TASK ITEM:
Find the line with "Open Food Facts" in the records below. Output exactly from there until after the line with "Oxford Diecast 87CV50003", without pictures.

Short descriptive text snippets
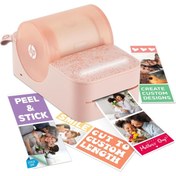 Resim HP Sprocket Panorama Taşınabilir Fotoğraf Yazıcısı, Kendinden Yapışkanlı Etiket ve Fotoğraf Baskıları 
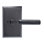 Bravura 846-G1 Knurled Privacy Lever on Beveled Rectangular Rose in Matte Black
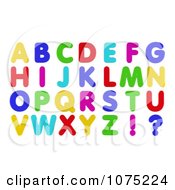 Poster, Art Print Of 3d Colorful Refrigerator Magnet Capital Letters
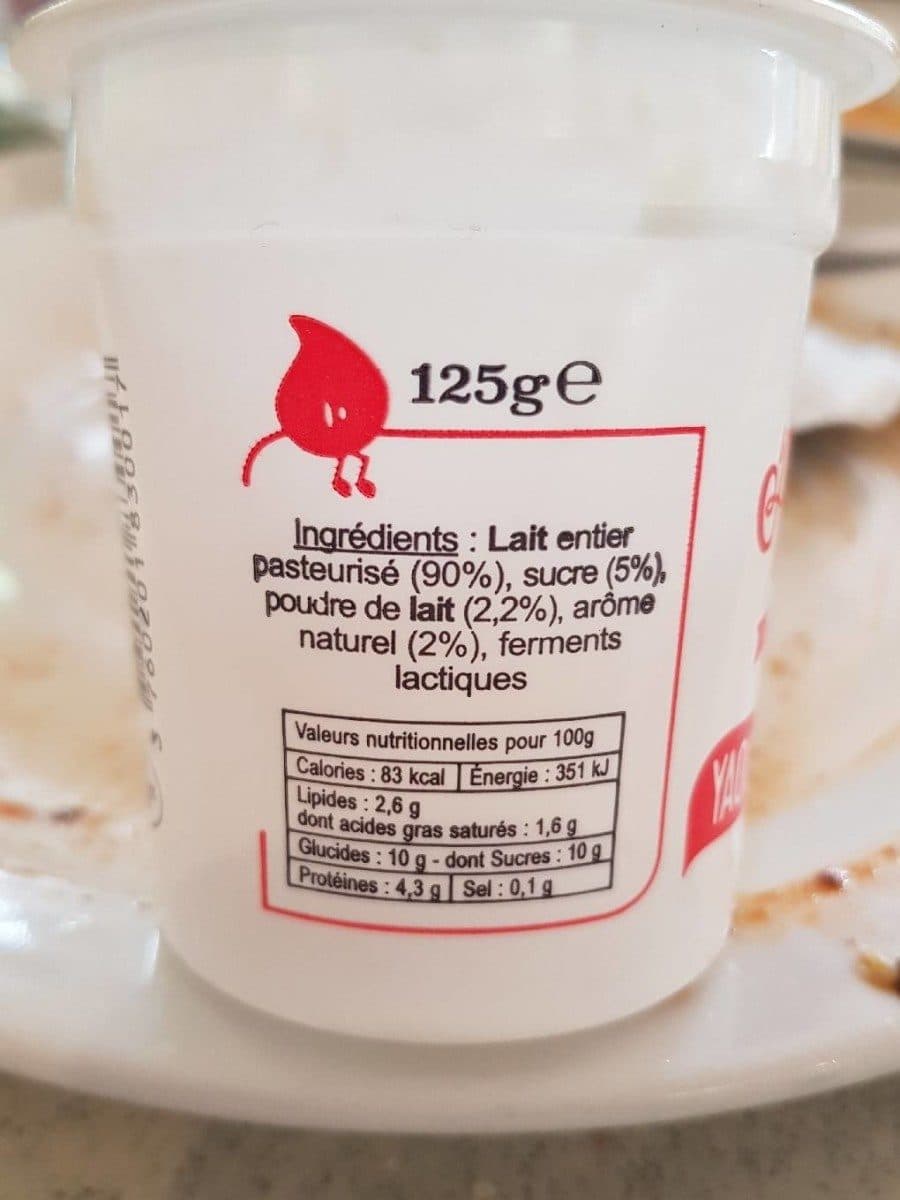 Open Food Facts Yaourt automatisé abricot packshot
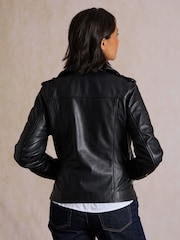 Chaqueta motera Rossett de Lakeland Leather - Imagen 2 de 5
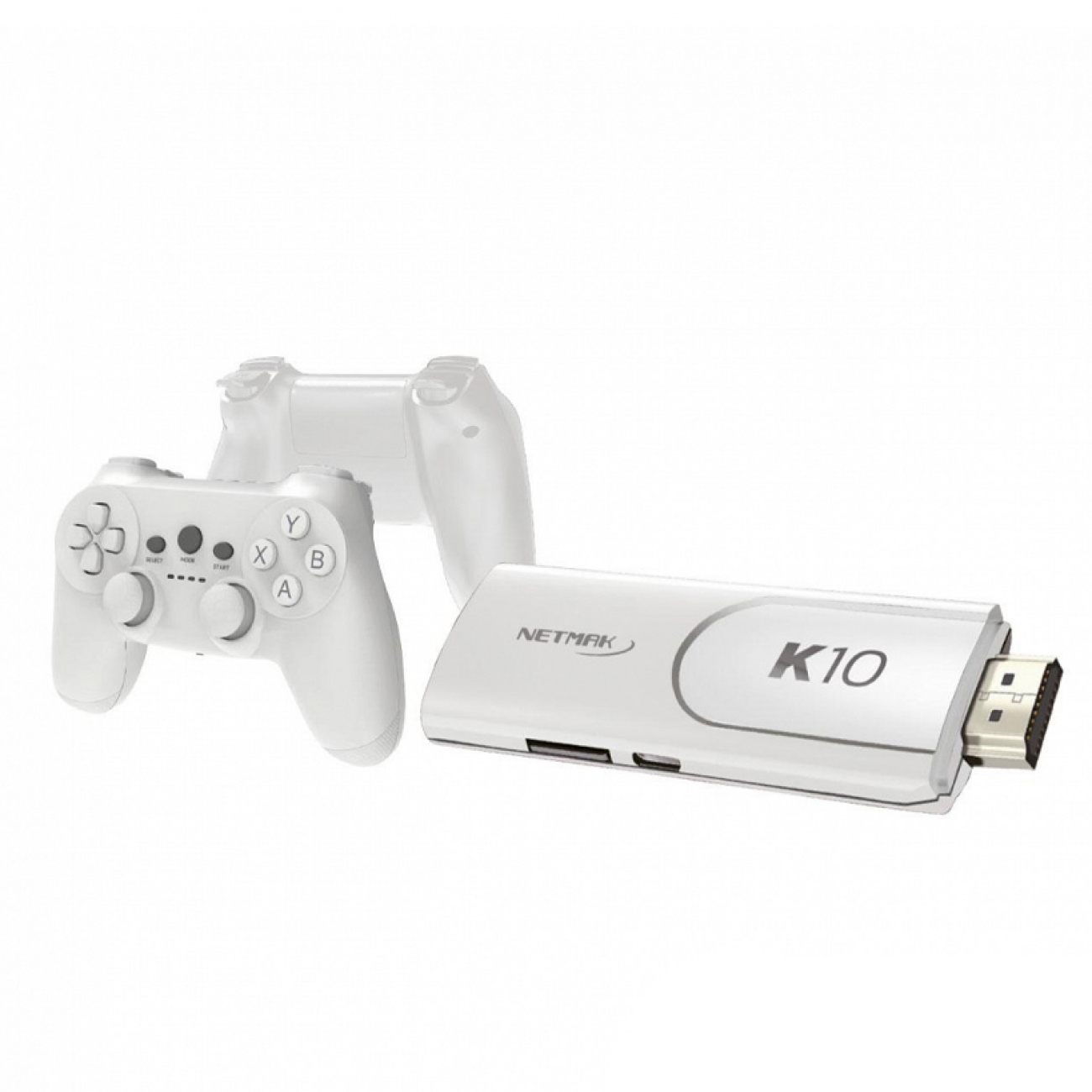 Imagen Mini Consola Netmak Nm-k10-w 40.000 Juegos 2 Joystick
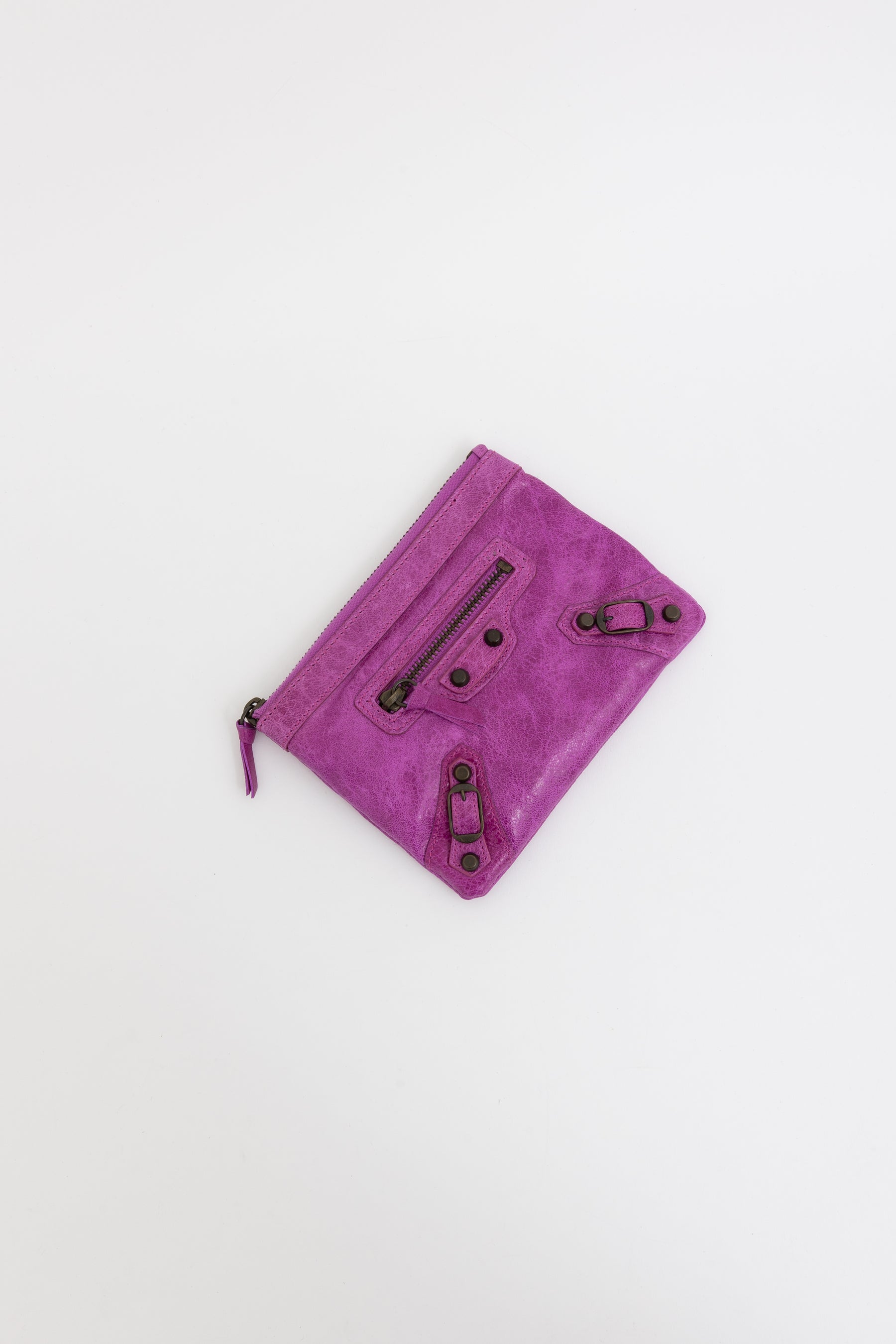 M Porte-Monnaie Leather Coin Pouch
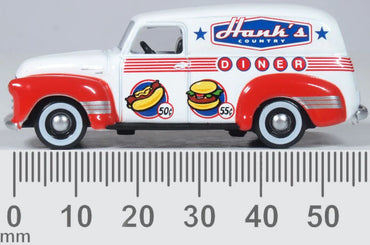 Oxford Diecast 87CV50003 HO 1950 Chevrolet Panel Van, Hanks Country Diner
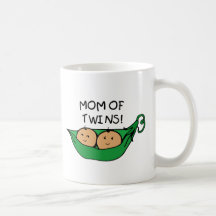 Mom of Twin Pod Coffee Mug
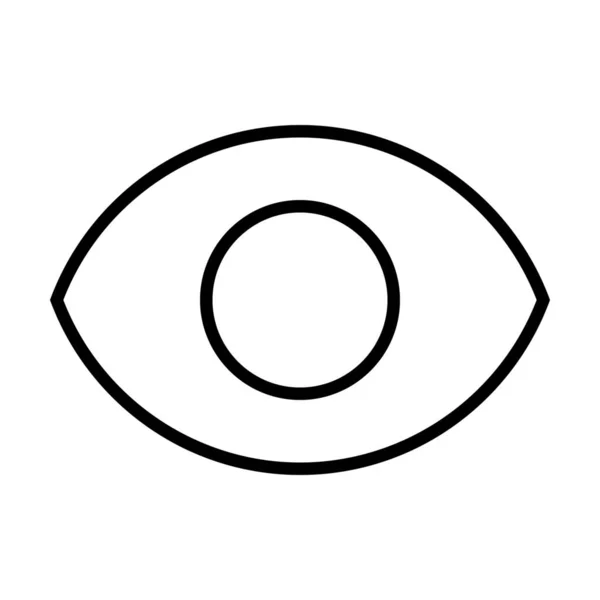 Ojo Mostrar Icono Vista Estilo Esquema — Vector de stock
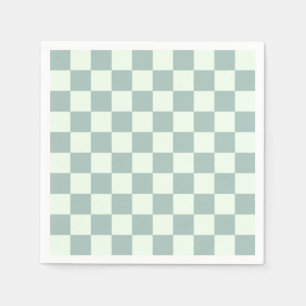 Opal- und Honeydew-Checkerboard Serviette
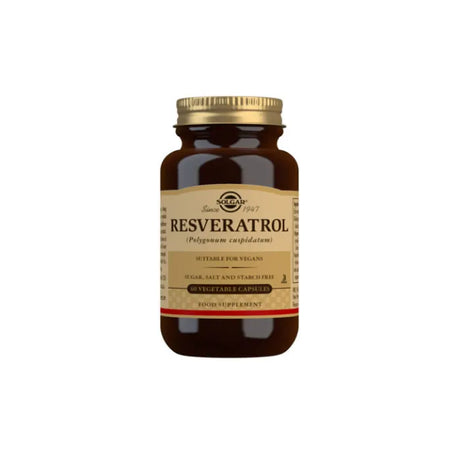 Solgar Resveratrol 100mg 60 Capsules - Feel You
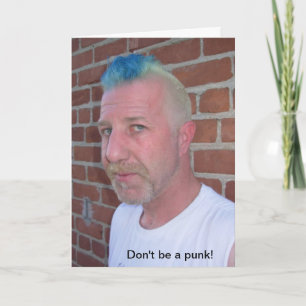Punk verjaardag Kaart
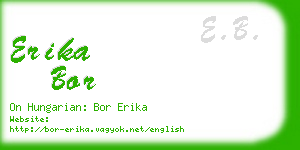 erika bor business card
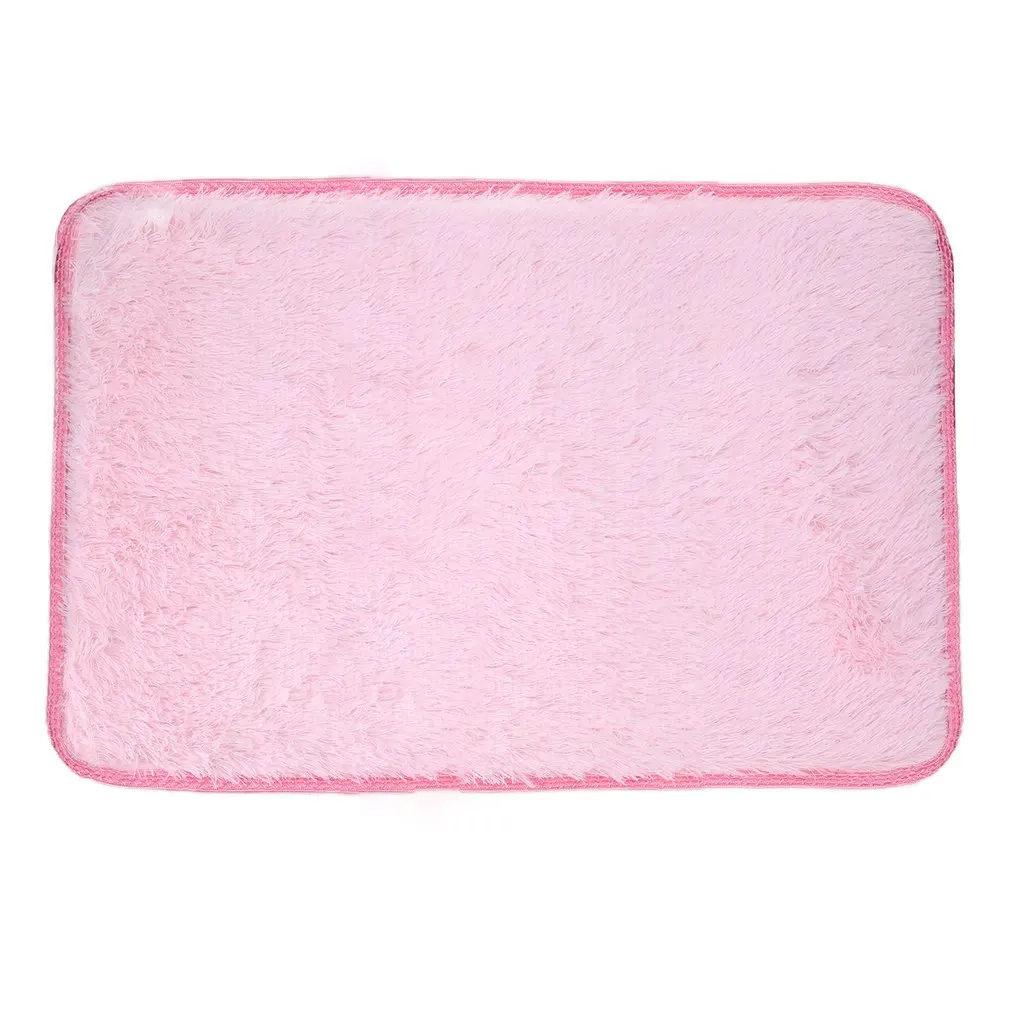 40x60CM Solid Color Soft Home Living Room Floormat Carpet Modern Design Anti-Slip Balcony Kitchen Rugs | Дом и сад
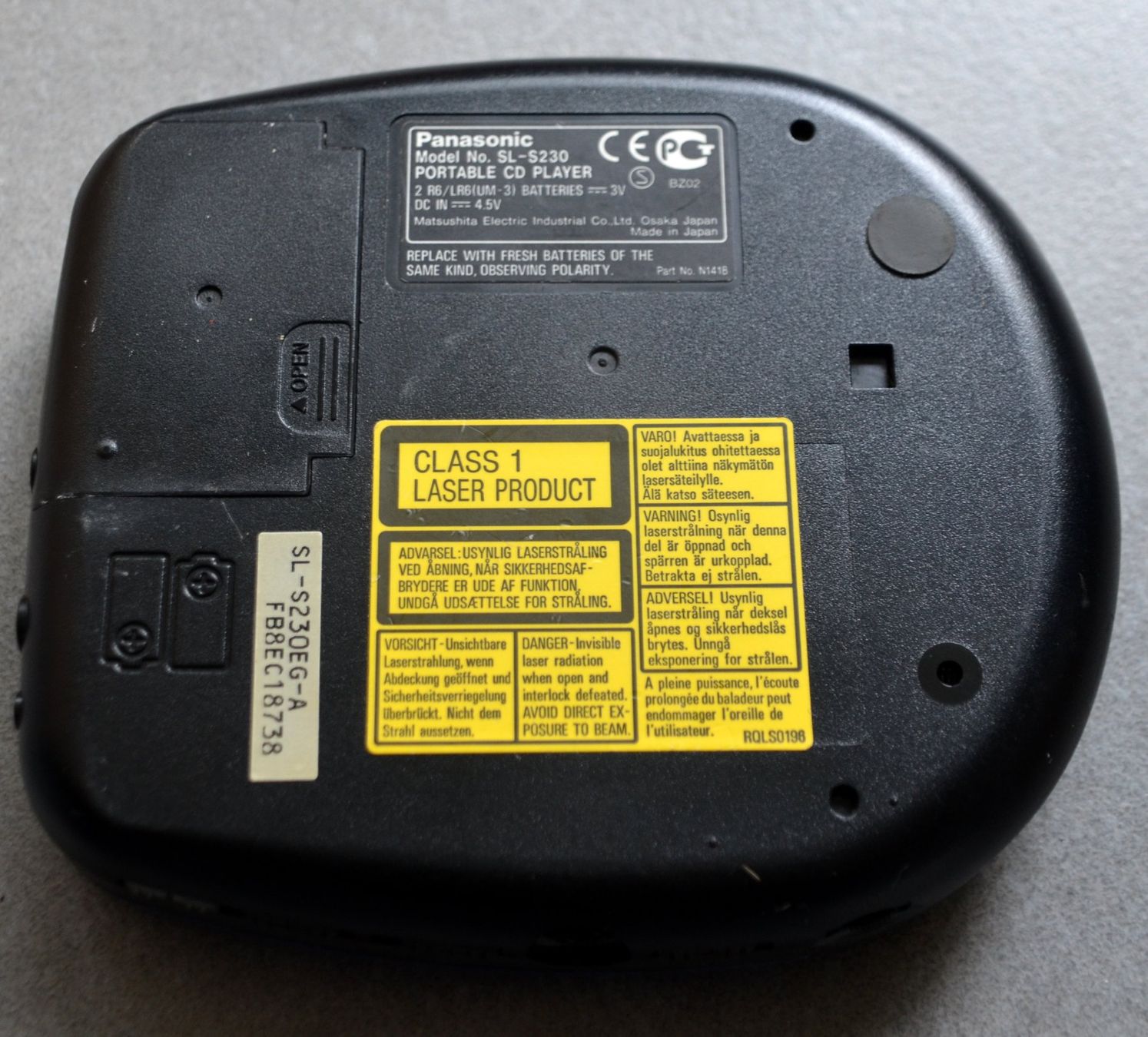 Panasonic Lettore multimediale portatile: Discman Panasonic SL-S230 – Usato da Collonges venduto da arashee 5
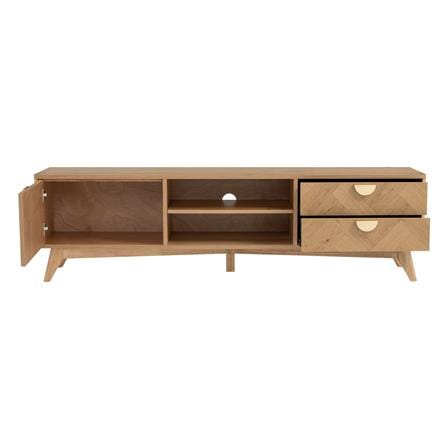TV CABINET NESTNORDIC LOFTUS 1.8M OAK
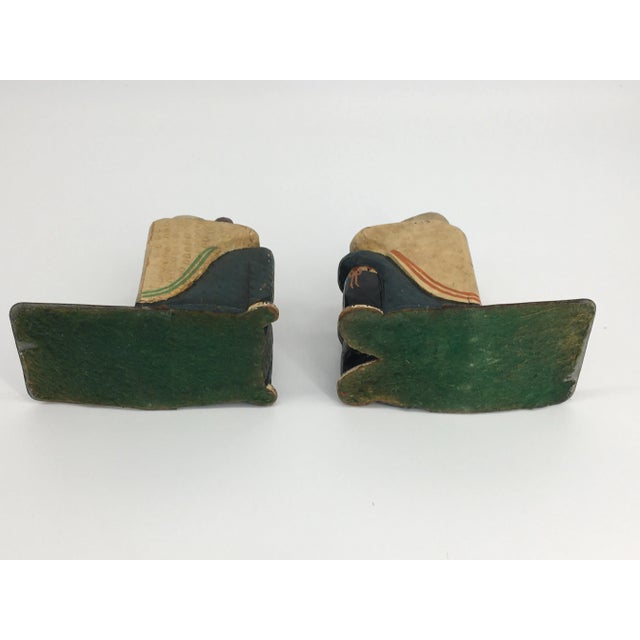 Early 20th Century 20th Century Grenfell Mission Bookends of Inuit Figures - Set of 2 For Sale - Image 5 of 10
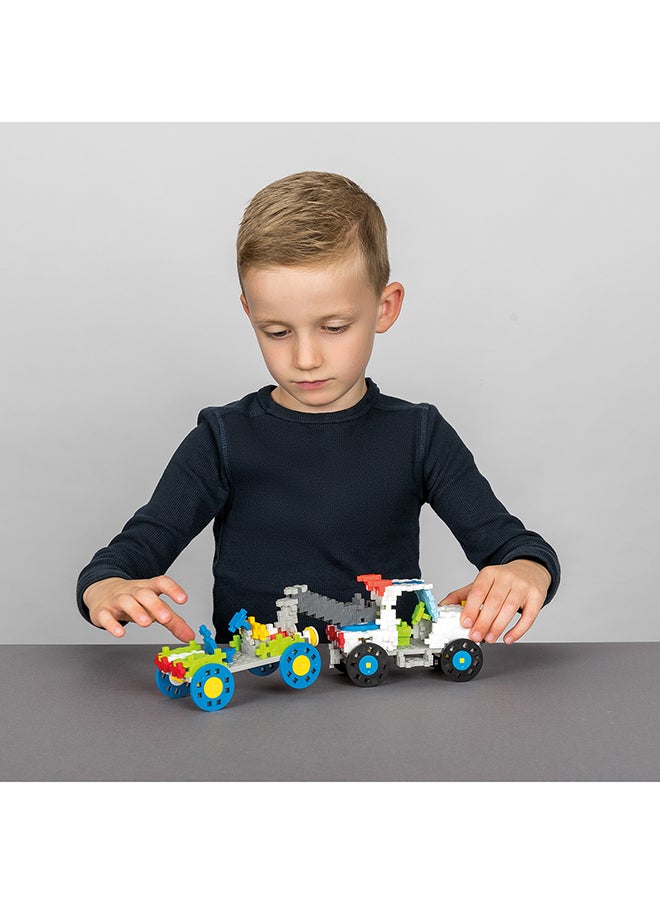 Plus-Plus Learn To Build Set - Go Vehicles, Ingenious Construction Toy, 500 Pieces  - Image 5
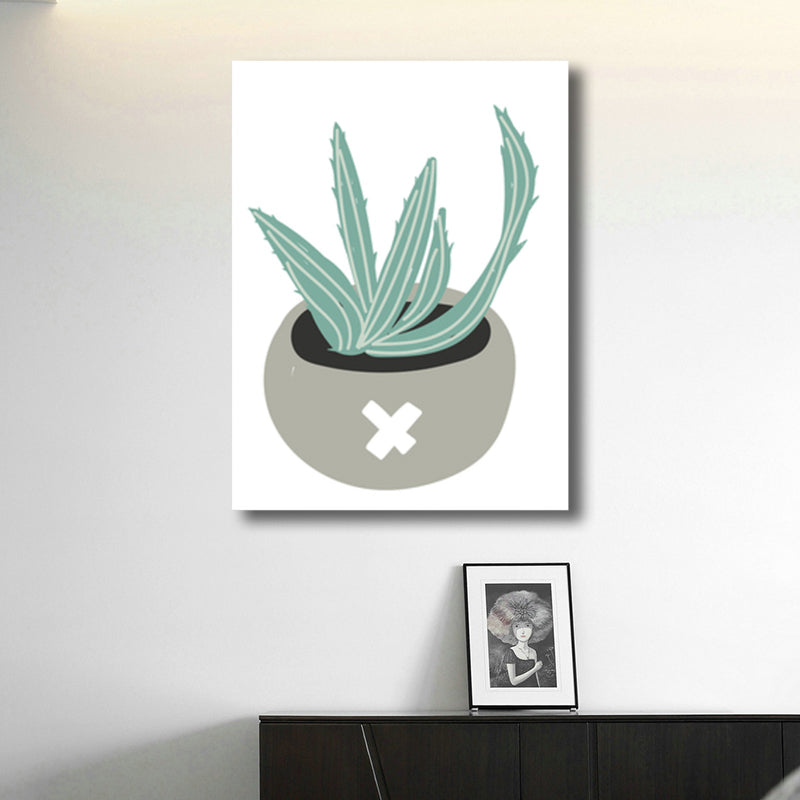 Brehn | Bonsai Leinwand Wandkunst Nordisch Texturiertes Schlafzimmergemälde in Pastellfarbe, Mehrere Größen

EXERCISE RESULT:
 Open Food Facts Yaourt automatisé abricot packshot
 Chaqueta motera Rossett de Lakeland Leather - Imagen 2 de 5
 Imagen Mini Consola Netmak Nm-k10-w 40.000 Juegos 2 Joystick
 M Porte-Monnaie Leather Coin Pouch
 Oxford Diecast 87CV50003 HO 1950 Chevrolet Panel Van, Hanks Country Diner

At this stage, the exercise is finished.